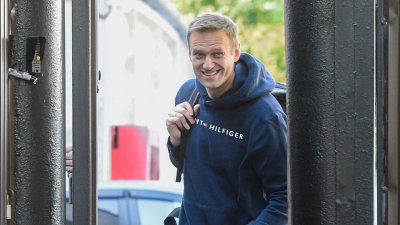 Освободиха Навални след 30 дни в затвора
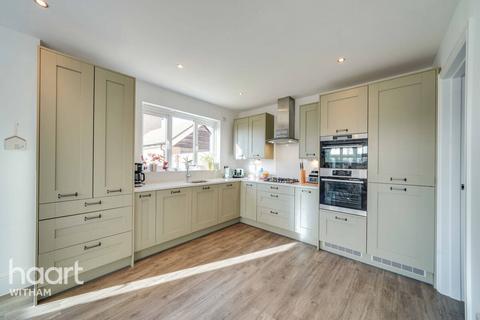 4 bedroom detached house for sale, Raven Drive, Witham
+-------+
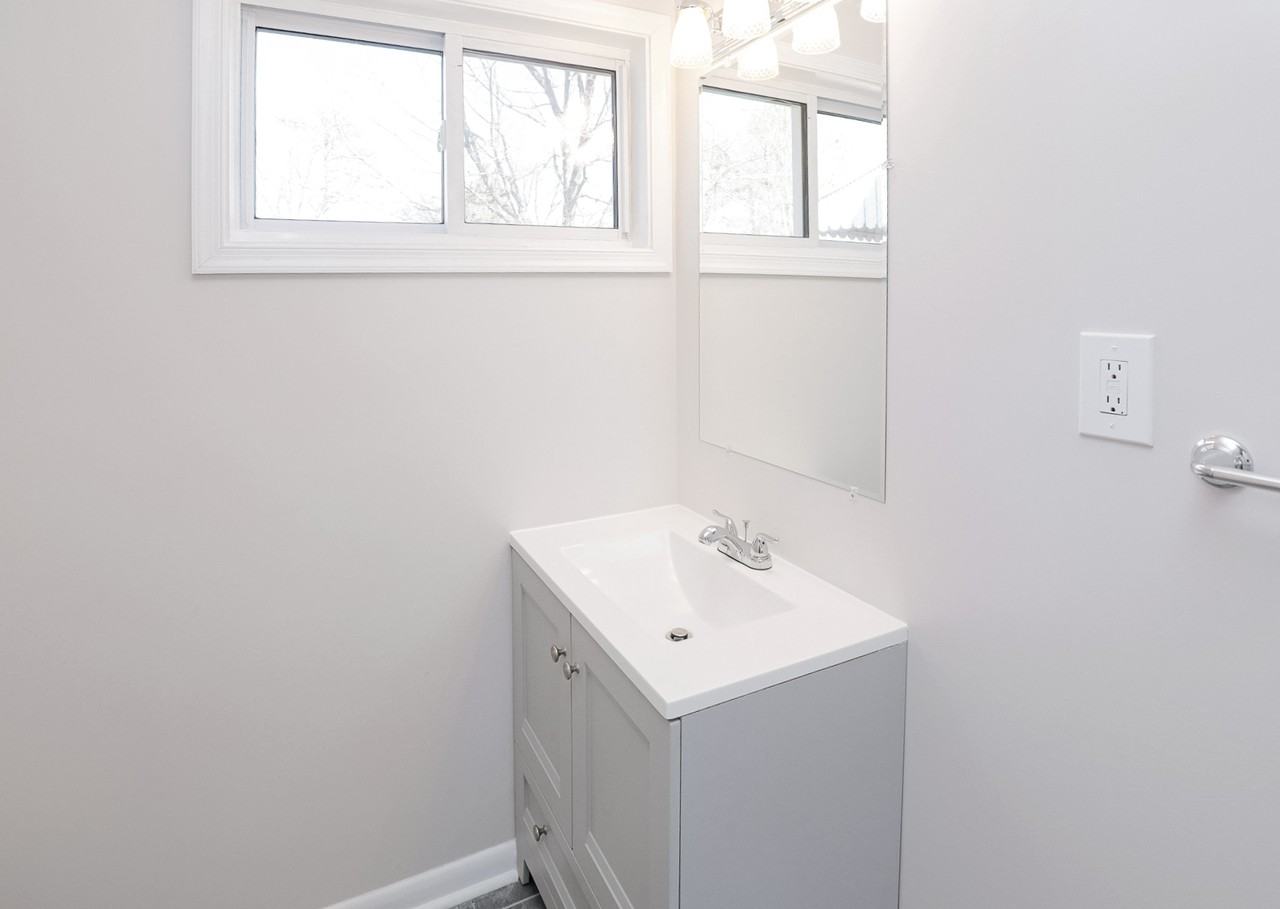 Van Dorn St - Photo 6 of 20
+-------+
--- Exercise objective ---
In the listing above, find the line with "Освободиха Навални след 30 дни в затвора" and the line with "4 bedroom detached". Copy exactly those lines and all between them, minus the images.

--- Result of the task ---
 Освободиха Навални след 30 дни в затвора
 4 bedroom detached house for sale, Raven Drive, Witham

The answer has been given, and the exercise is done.